What a Portfolio Manager Does
The goal of a portfolio manager is to select a set of investment securities that will provide income for a client over a long period of time. The portfolio manager wants to be sure that the portfolio maintains its value, and if possible increases value over time. The portfolio manager will choose from a variety of investments, but normally will focus on stocks, mutual funds, and bonds.
Differences between a Trader and a Portfolio Manager
The differences between the trader and the portfolio manager include differences in the timing of trades, the number of trades, and in some cases the focus on risk versus reward. Traders are often primarily focused on reward. They want to be sure to make a profit quickly for the client. They will get in and out of trades fast, sometimes on a daily basis, to be sure to seek out all possible profits. Portfolio managers work more slowly. They do a lot of research on their investments and may only trade several times a year, as they rebalance their portfolios.
What Traders and Portfolio Managers have in Common
Both traders and portfolio managers must be able to select investments wisely and carefully without letting their emotions get the best of them. They must be informed about the products that they are buying and selling and be ready to accept some losses. Both traders and portfolio managers must understand basic principles of supply and demand and economics.

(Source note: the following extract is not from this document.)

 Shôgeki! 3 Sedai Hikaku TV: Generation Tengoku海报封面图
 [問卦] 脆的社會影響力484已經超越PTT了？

Trader or Portfolio Manager
Whether you will prefer to be a trader or a portfolio manager will depend upon your energy level, your emotional state, your personality, and your goals. A person who is comfortable making quick decisions, who is ready to be on the job every minute, and who can focus from second to second without getting flustered will make a good trader. A person who is comfortable researching different options and making decisions that will take time to play out will make a good portfolio manager.